Two blocks farther north of the Wako Building, on Chuo Dori, is the great Itoya stationery store (2-7-10 Ginza). The company was established toward the end of the Meiji Era, in 1904, and now fills all nine floors of a modern building. This store is one of my husband's favorite shops in Tokyo. Even a casual visitor could easily spend a day wandering around the store and still not finish examining every new gadget and writing device.
A WALK WEST
The Ginza is a good place to begin walking around Tokyo. If you wend your way northwest through the Ginza you will come to the Yurakucho area, once the home of three of Japan's major daily newspapers - the Asahi, Mainichi, and Yomiuri. I used to visit friends here, but now all three papers have moved to fancier quarters and the neighborhood seems strange to me.
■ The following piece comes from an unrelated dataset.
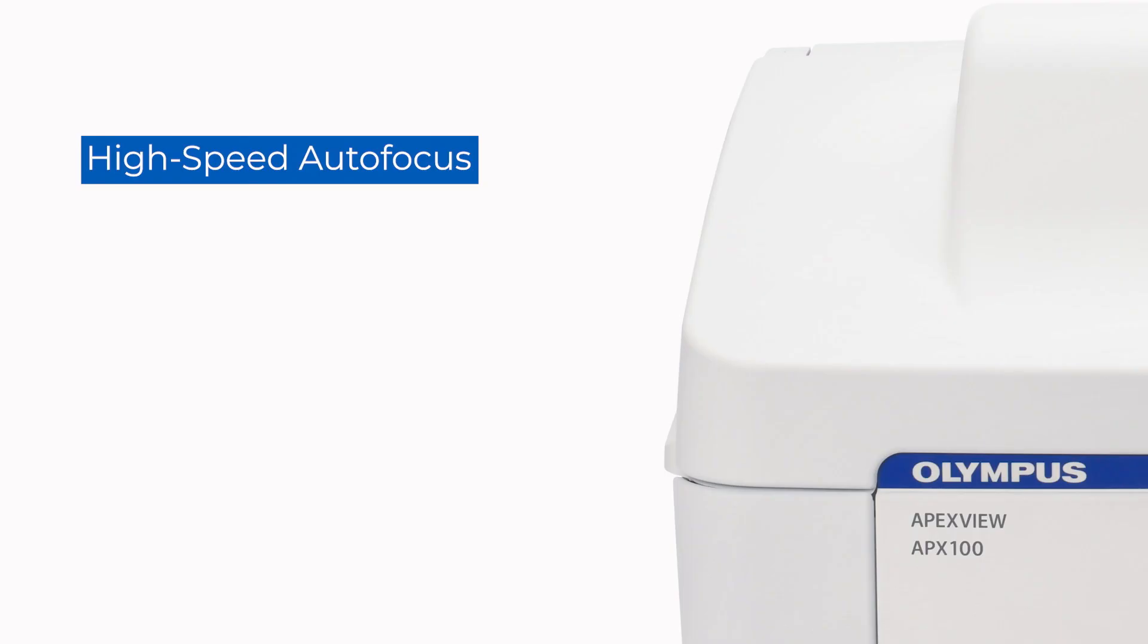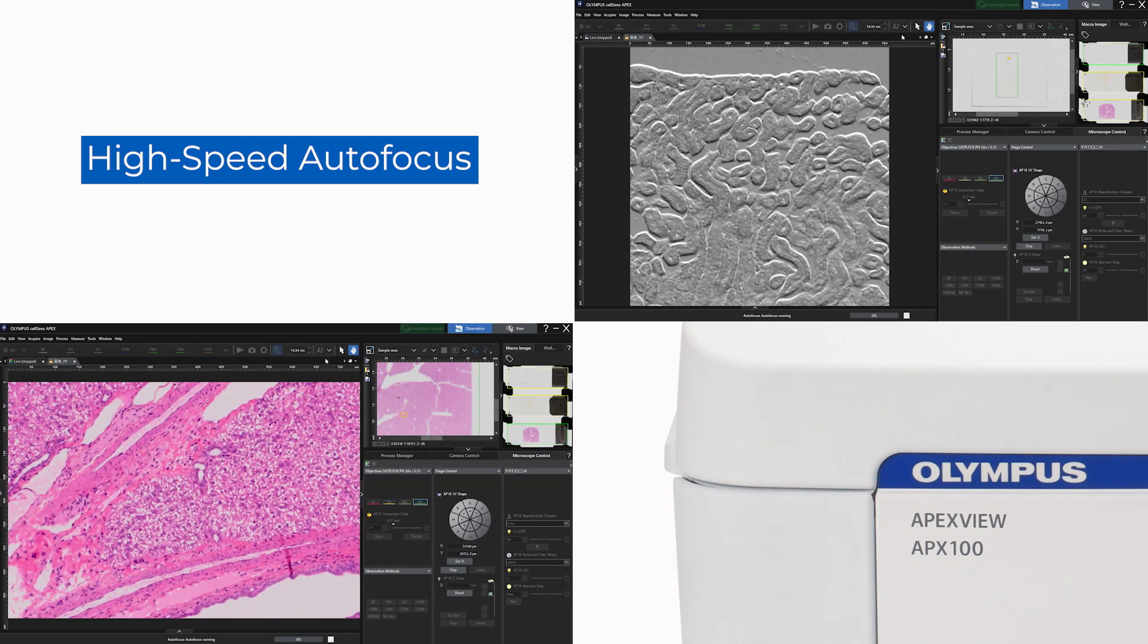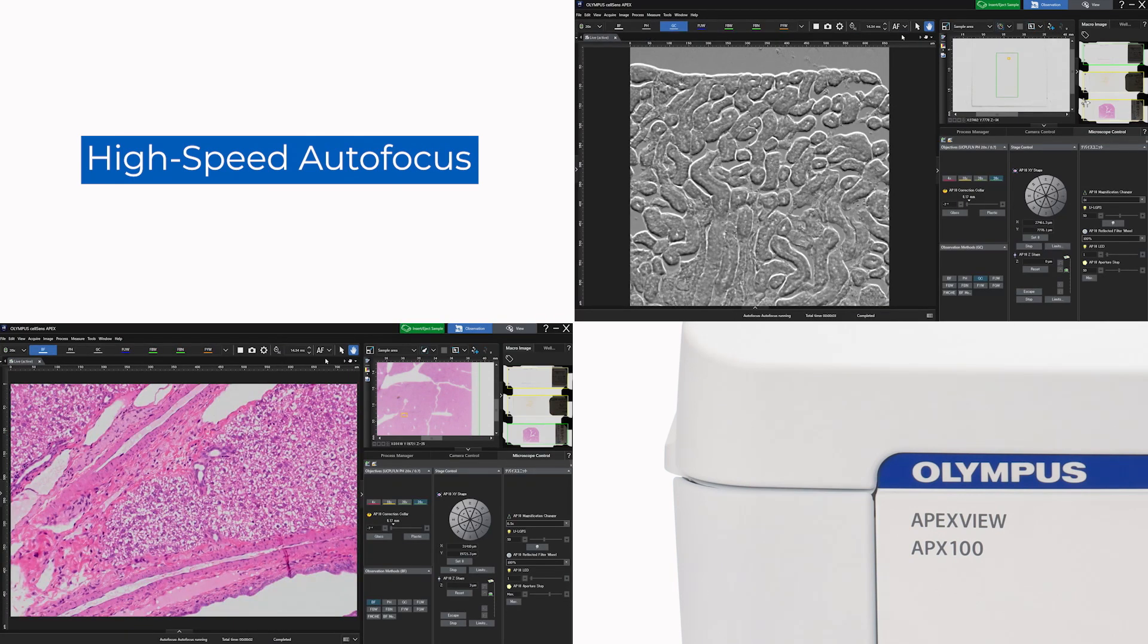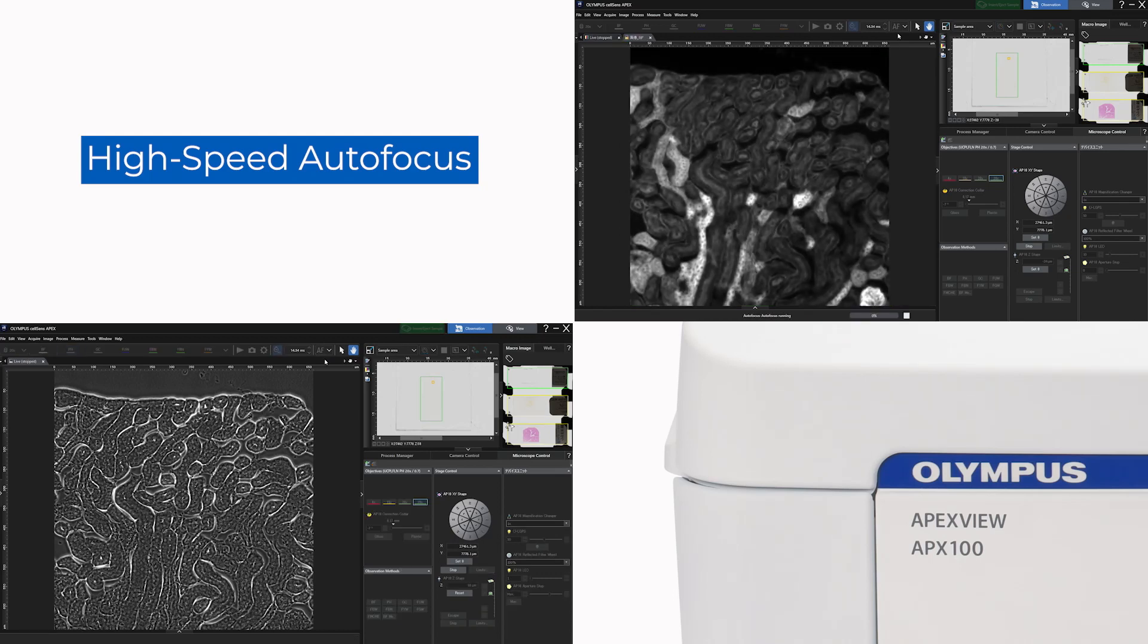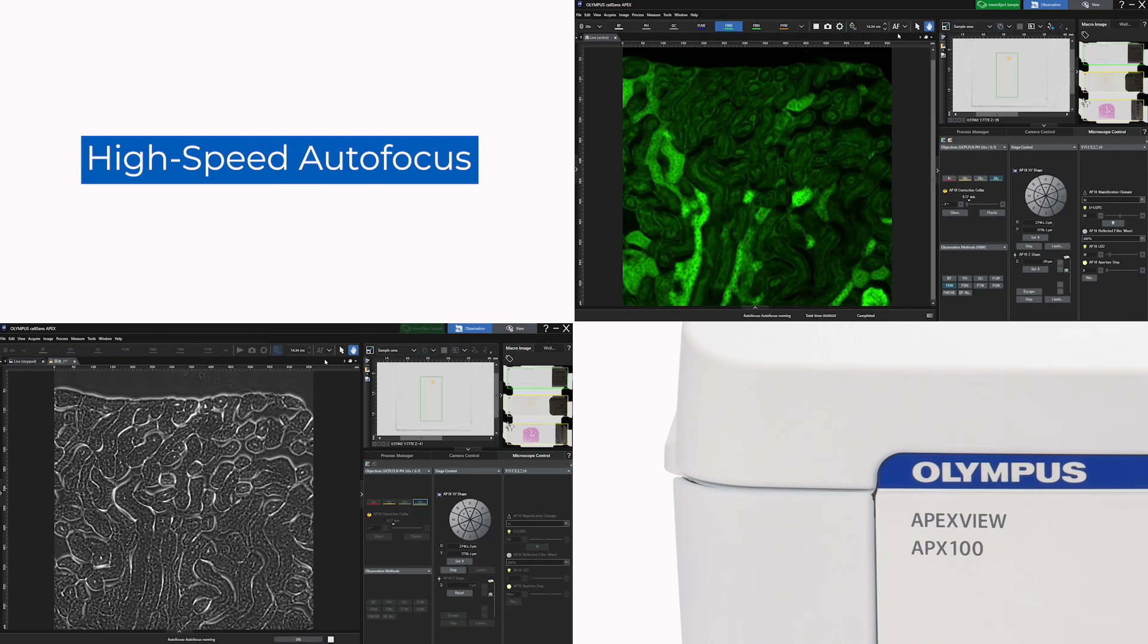The system's high-speed autofocus enables faster focusing, reducing the time and stress of making focus adjustments during each step of your experiment.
Heading toward the Imperial Palace from Yurakucho brings you to Hibiya, full of theaters, movie houses, restaurants, music and video stores, pizza shops, airline offices, and, facing Hibiya Park, the new Imperial Hotel. The old Imperial Hotel, designed by Frank Lloyd Wright and erected in 1922, was demolished in 1967 despite protests from Japanese and international architects; part of it was saved and reassembled in Meijimura, a theme park in the city of Nagoya, 140 miles from Tokyo. The old hotel survived the 1923 earthquake and World War II (it was Douglas MacArthur's first residence in Tokyo), but - and it always strikes me as an extraordinary irony - it did not survive the 1960s.